About this task -
Exactly as written, retype the listing below, omitting the pictures.

Supplied information -
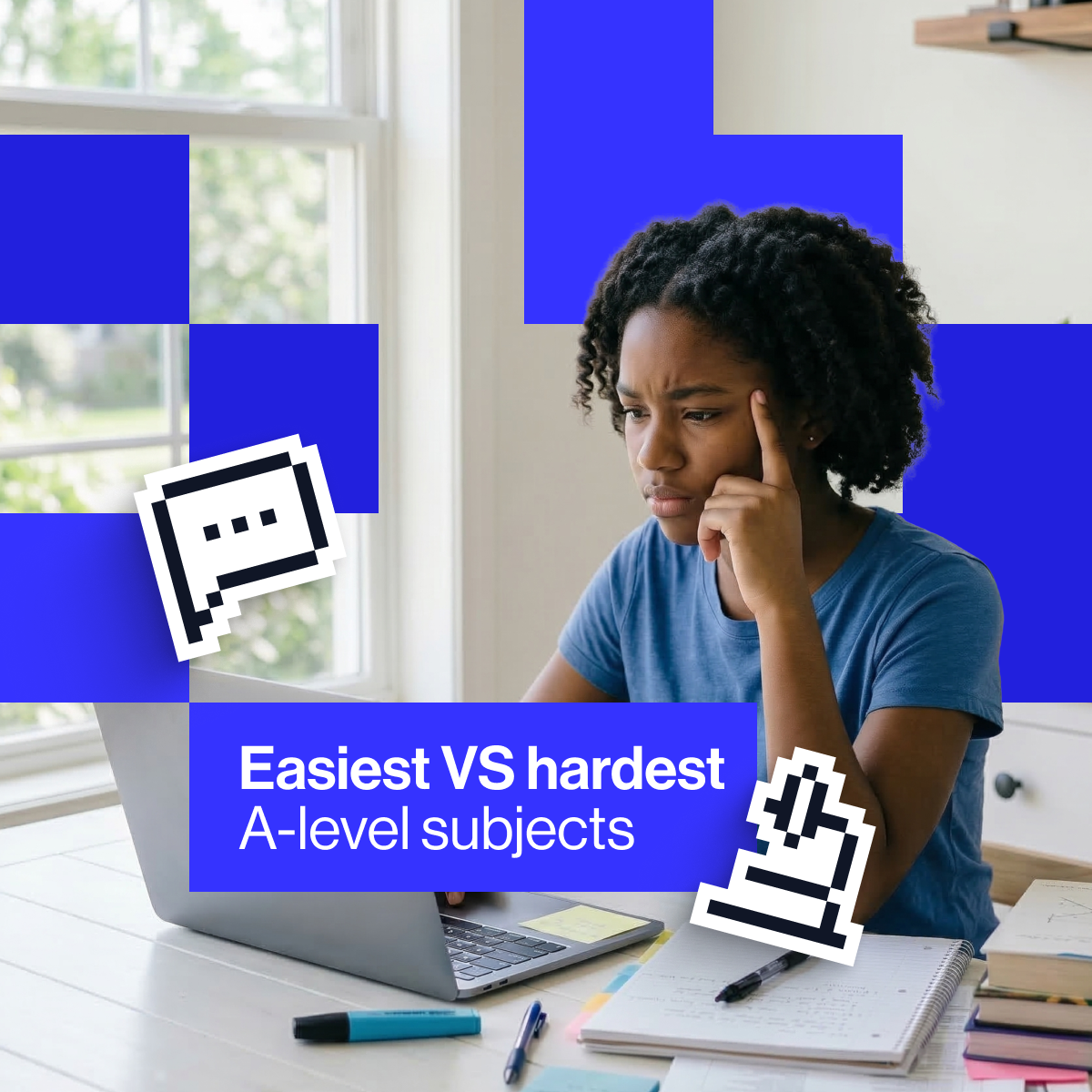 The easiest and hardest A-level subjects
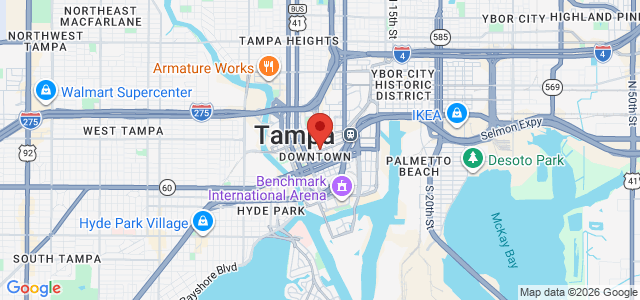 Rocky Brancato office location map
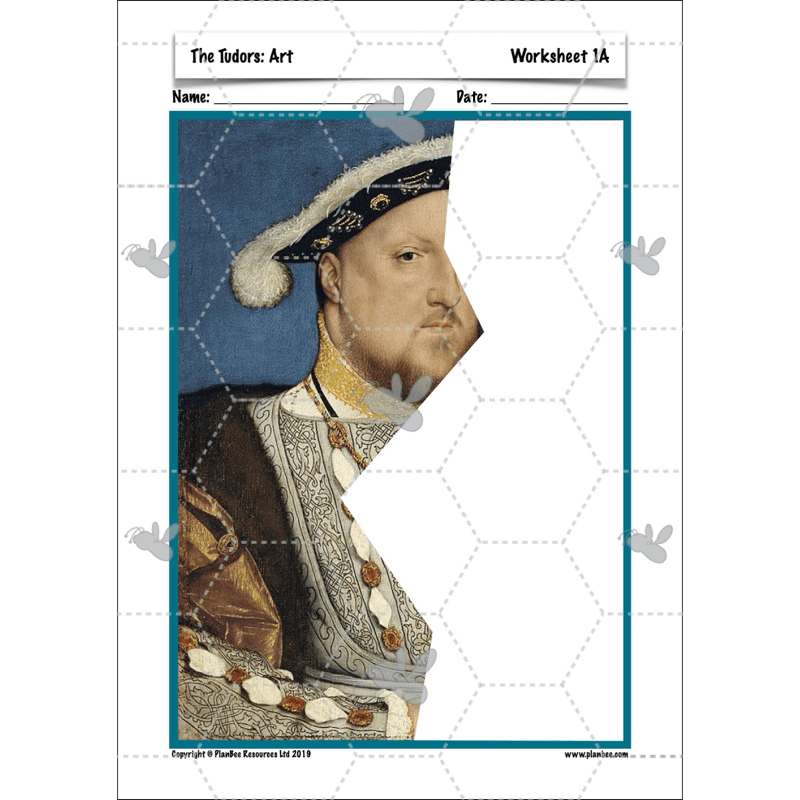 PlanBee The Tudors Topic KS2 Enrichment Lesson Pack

Task result -
 The easiest and hardest A-level subjects
 Rocky Brancato office location map
 PlanBee The Tudors Topic KS2 Enrichment Lesson Pack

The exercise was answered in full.